Bu konuda en yetkili ağızdan yapılan bu açıklama gelmiş olduğumuz noktayı apaçık ortaya koyuyor. Herkese bol bol yetecek kadar gıdanın olduğu Dünyamızda, insanların %12 si açlık çekiyor, %20’si de tokluktan çekiyor. Bencilliğin, hırsın kutsandığı; insanların hep daha fazlasını talep etmeye zorlandığı; tüketimin (israfın) erdem sayıldığı; insanların ne kadar çok tüketiyorsa o kadar saygı kazandığı; hayatın bir mücadele olduğu ve güçlü olanın avı kapmasının doğal olduğunun kabul edildiği; bir dünyada daha farklı bir noktaya gelinebilir mi?

Tam Necip Fazıl’ın resmettiği gibi bir Dünya bu. Allahın on pulunu bekleye dursun on kul/ Bir kişiye tam dokuz, dokuz kişiye bir pul/ Bu taksimi kurt yapmaz kuzulara şah olsa / Yaşasın, kefenimin kefili karaborsa.”

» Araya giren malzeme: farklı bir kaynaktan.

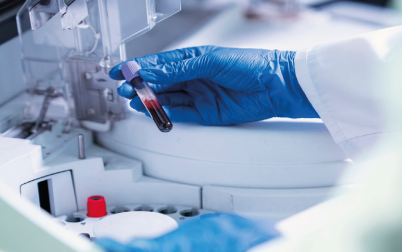 Citometría de Flujo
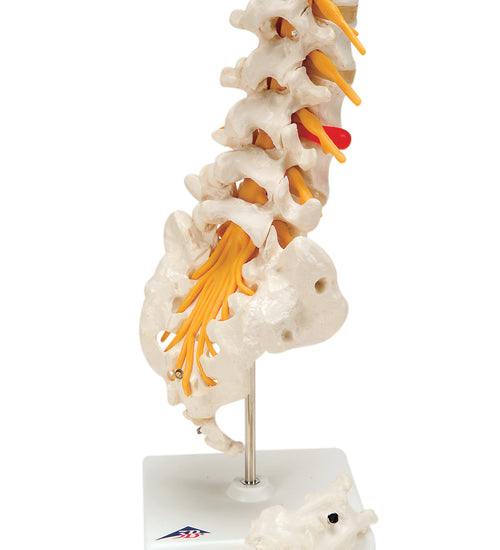 Lumbar spinal column with dorso-lateral prolapsed disc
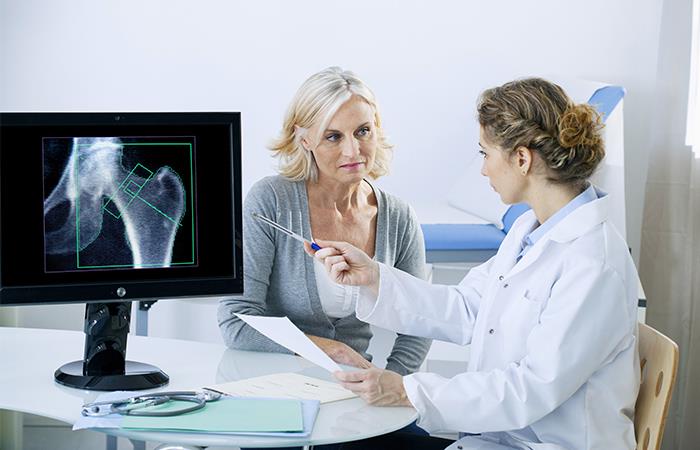 La osteoporosis es silenciosa, no presenta síntomas. Foto: Shutterstock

Yanlış kurgulanan bir dünyada yaşıyoruz. Dünya kaynaklarının %80’den fazlasını, Dünya nüfusunun %20’si kullanıyor. Gelişmiş ülkelerde de durum çok farklı değil. Amerika’da, fastfood restoranlarının kapılarında bekleyip içeriden çıkan insanların ellerindeki yiyeceklerin artıklarını attıkları çöp kutularından kalan döküntüleri alıp yiyen gepegenç insanları gördüğümde, sorunun fakirlik olmadığını; kişi başına milli gelirin 40 bin dolar olmasının da yetmeyeceğini ve zenginliğin çare olmadığını anlamıştım. Asıl olan “Gönül Zenginliği” idi.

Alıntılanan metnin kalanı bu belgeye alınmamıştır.